◆ DATA UNDER STUDY
----------

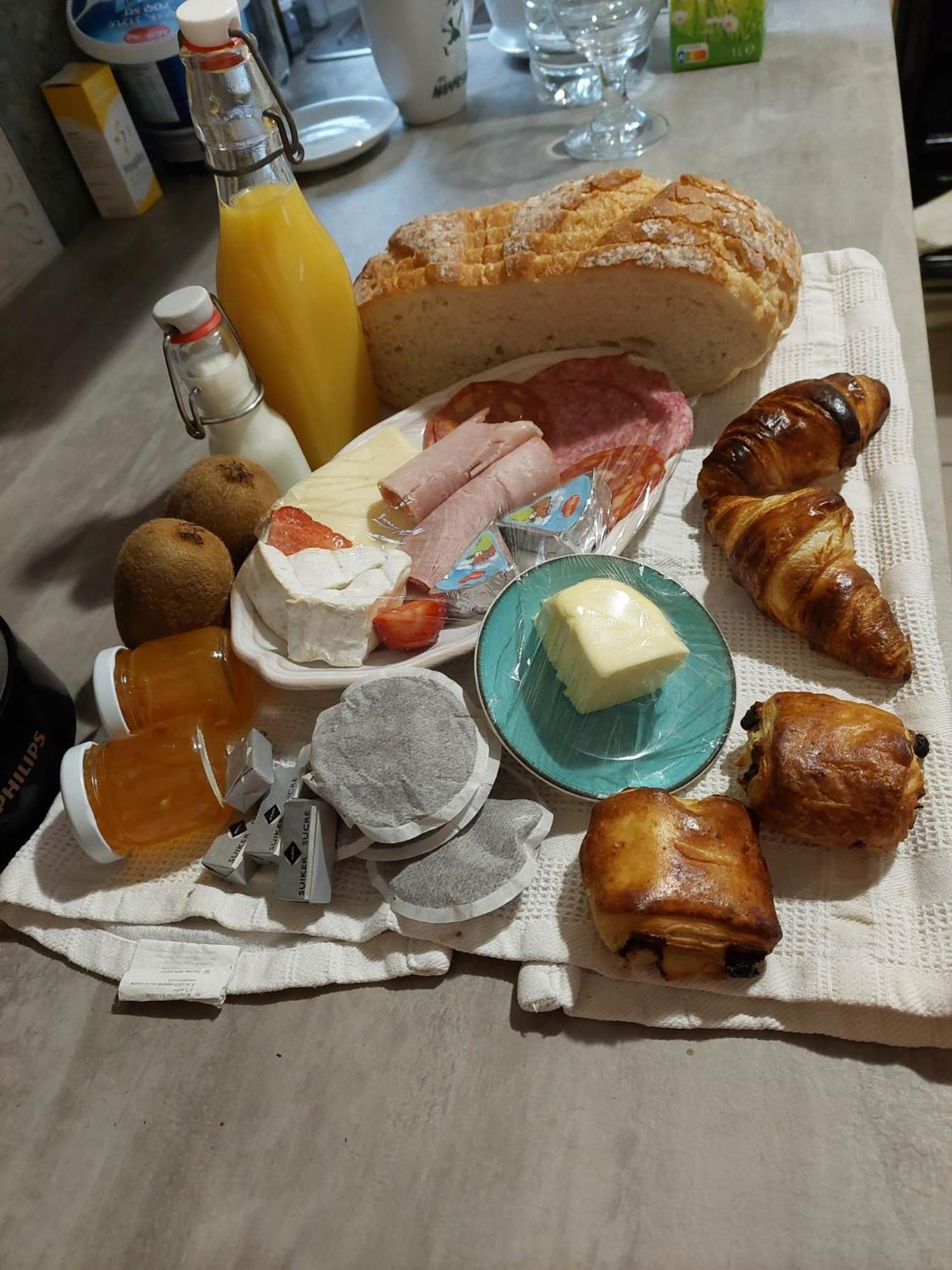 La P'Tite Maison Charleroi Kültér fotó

----------

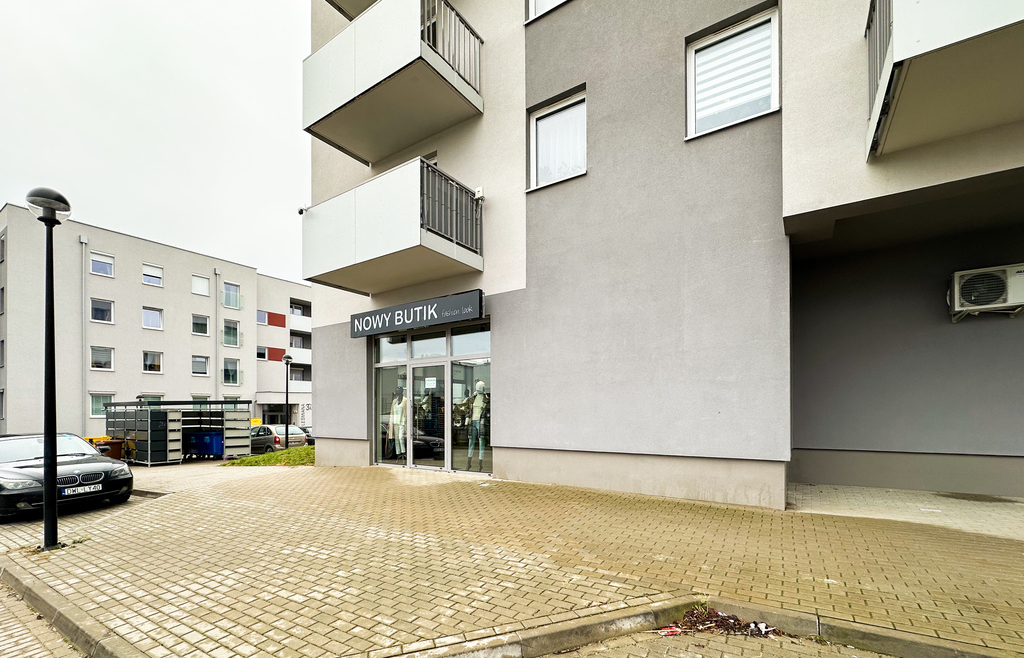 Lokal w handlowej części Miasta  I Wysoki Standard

----------

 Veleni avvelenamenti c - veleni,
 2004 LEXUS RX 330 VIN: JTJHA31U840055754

----------

◆ HOW TO COMPLETE THIS TASK
Send back an exact copy of only the lines from the line with "Veleni avvelenamenti c" up to and including the line with "2004 LEXUS RX 330 VIN: JTJHA31U840055754" in the data above.

◆ TASK OUTPUT
 Veleni avvelenamenti c - veleni,
 2004 LEXUS RX 330 VIN: JTJHA31U840055754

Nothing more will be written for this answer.